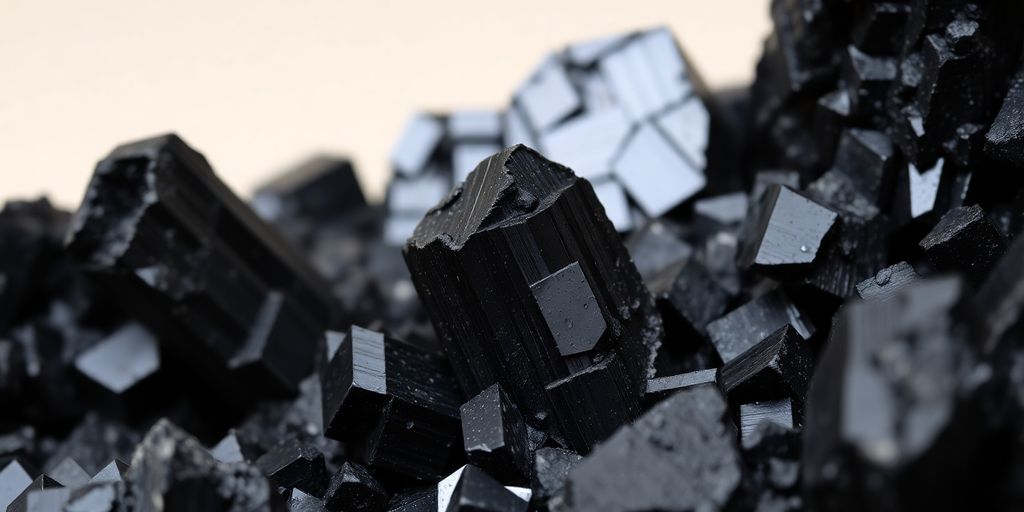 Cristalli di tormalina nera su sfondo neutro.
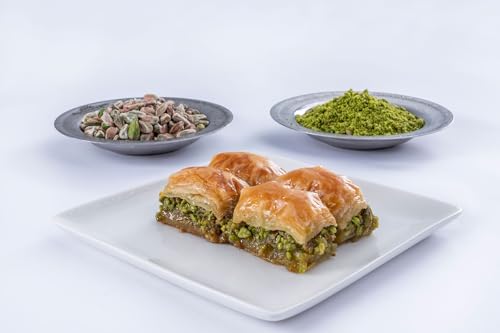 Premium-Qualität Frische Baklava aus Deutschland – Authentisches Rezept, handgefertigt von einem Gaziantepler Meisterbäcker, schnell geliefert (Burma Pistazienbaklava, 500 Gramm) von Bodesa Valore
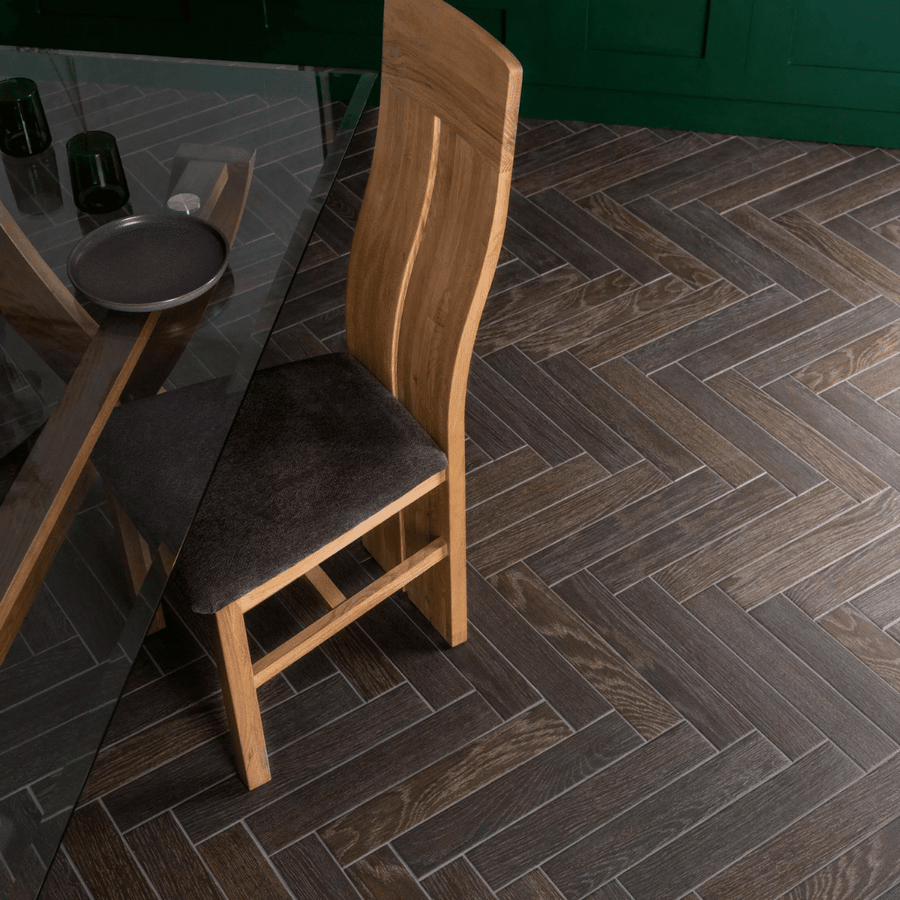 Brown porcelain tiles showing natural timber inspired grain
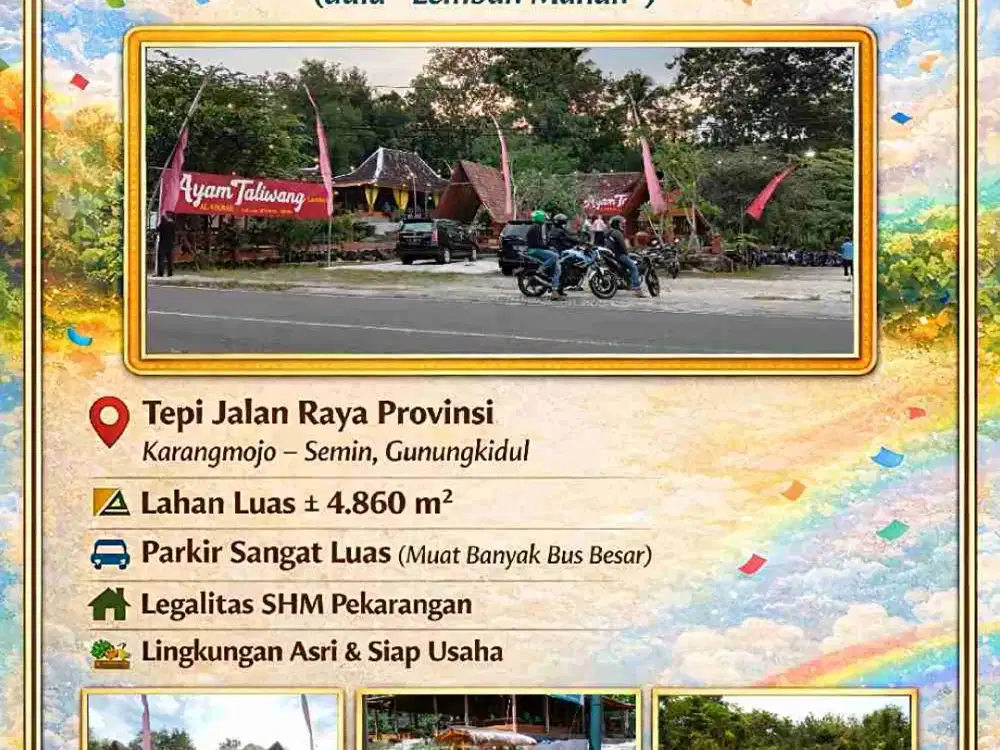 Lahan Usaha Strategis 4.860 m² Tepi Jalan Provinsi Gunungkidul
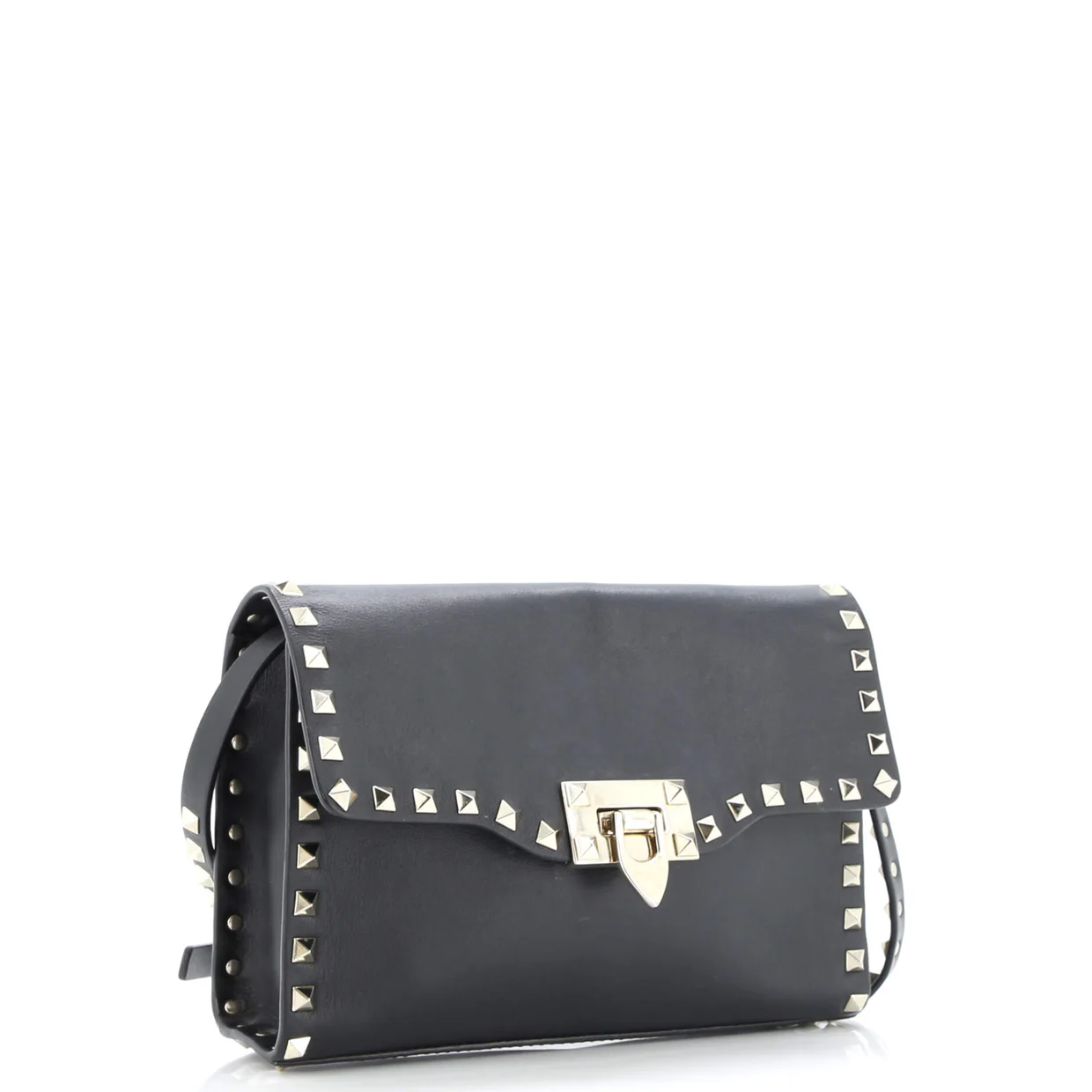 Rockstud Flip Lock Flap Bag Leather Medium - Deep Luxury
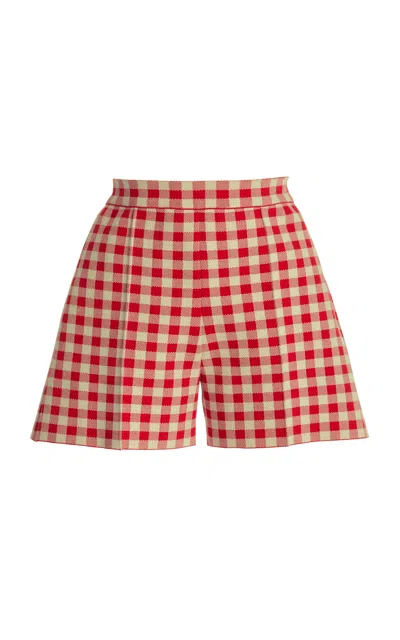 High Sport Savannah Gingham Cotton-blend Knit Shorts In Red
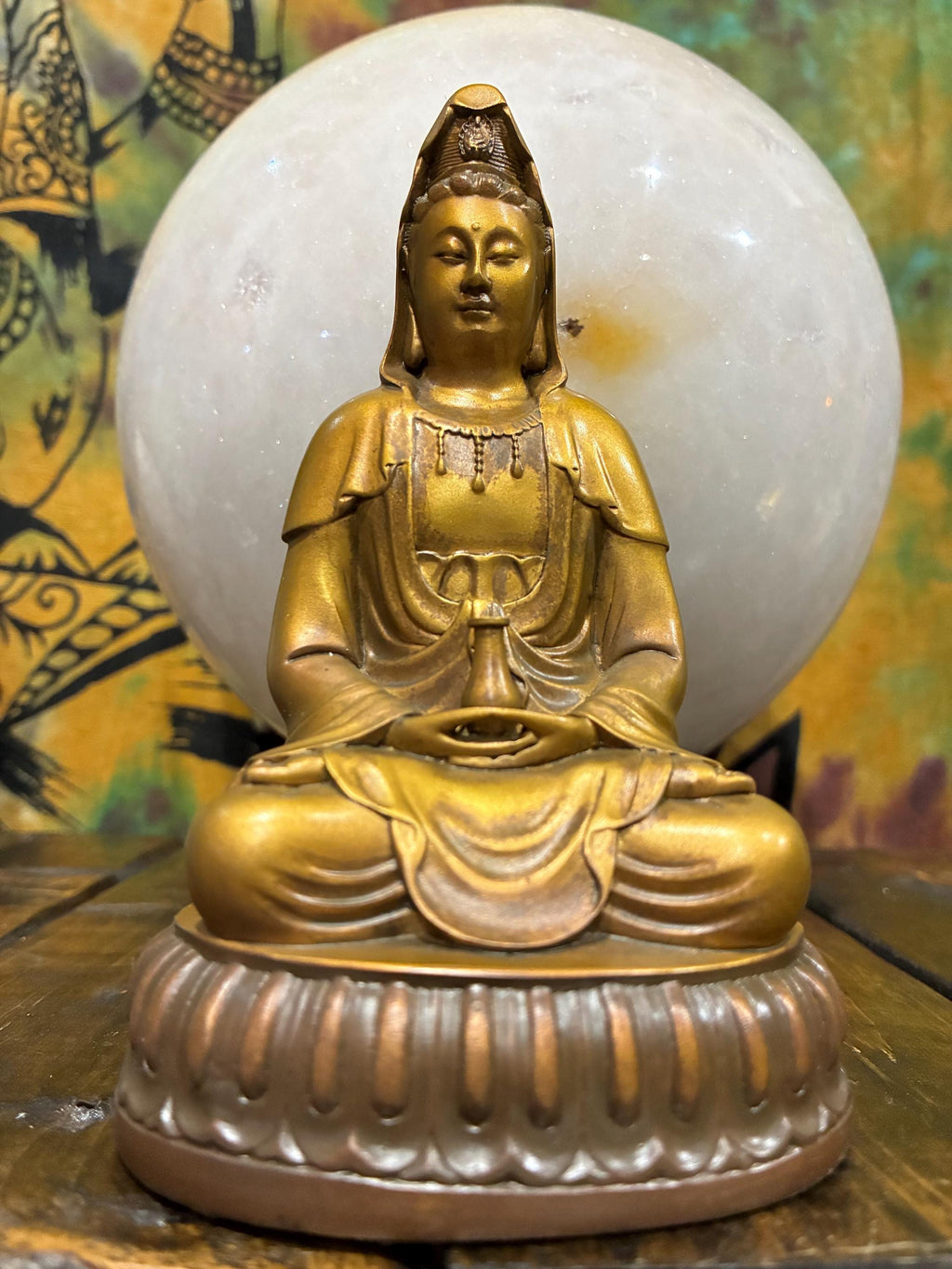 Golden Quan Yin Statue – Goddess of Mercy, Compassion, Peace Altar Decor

++++++++++++++++++++

* **Instructions for the task**
Output a faithful copy of the data, with each picture left out.

* **Answer to this exercise**
 Cristalli di tormalina nera su sfondo neutro.
 Premium-Qualität Frische Baklava aus Deutschland – Authentisches Rezept, handgefertigt von einem Gaziantepler Meisterbäcker, schnell geliefert (Burma Pistazienbaklava, 500 Gramm) von Bodesa Valore
 Brown porcelain tiles showing natural timber inspired grain
 Lahan Usaha Strategis 4.860 m² Tepi Jalan Provinsi Gunungkidul
 Rockstud Flip Lock Flap Bag Leather Medium - Deep Luxury
 High Sport Savannah Gingham Cotton-blend Knit Shorts In Red
 Golden Quan Yin Statue – Goddess of Mercy, Compassion, Peace Altar Decor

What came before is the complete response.